> _DATA BELOW_
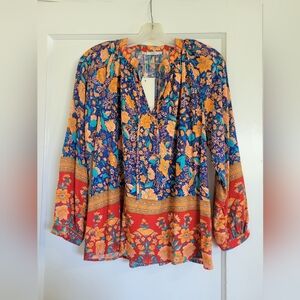 NWT Grifflin Paris Floral Boho Long Sleeve Blouse Size Medium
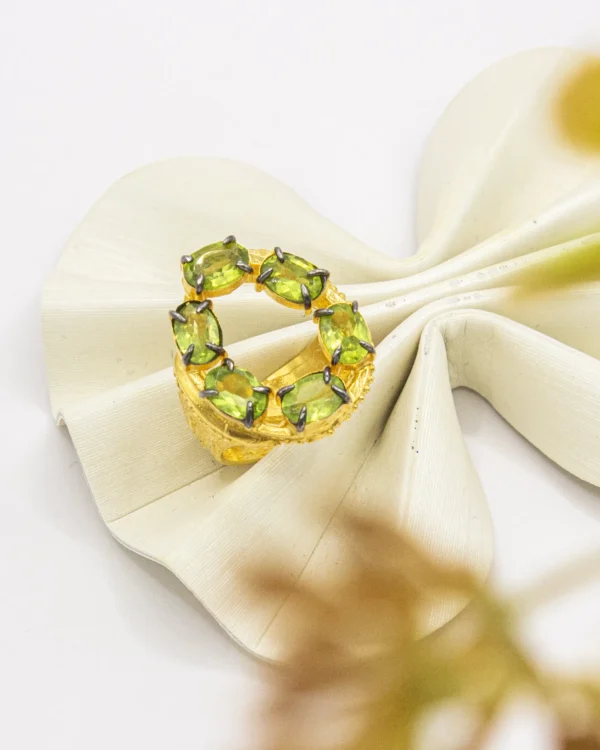 Vibrant Peridot Bloom Turkish 925 Silver Ring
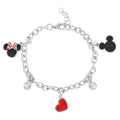 DISNEY Austrian Crystal Minnie and Mickey Mouse Charm Bracelet 6.50-7.50 Inches in Rhodium Over Silvertone - Sticky add to cart bar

> _TASK DIRECTIONS_
A faithful copy of the data above is wanted, with every image left out.

> _TASK ANSWER_
 NWT Grifflin Paris Floral Boho Long Sleeve Blouse Size Medium
 Vibrant Peridot Bloom Turkish 925 Silver Ring
 DISNEY Austrian Crystal Minnie and Mickey Mouse Charm Bracelet 6.50-7.50 Inches in Rhodium Over Silvertone - Sticky add to cart bar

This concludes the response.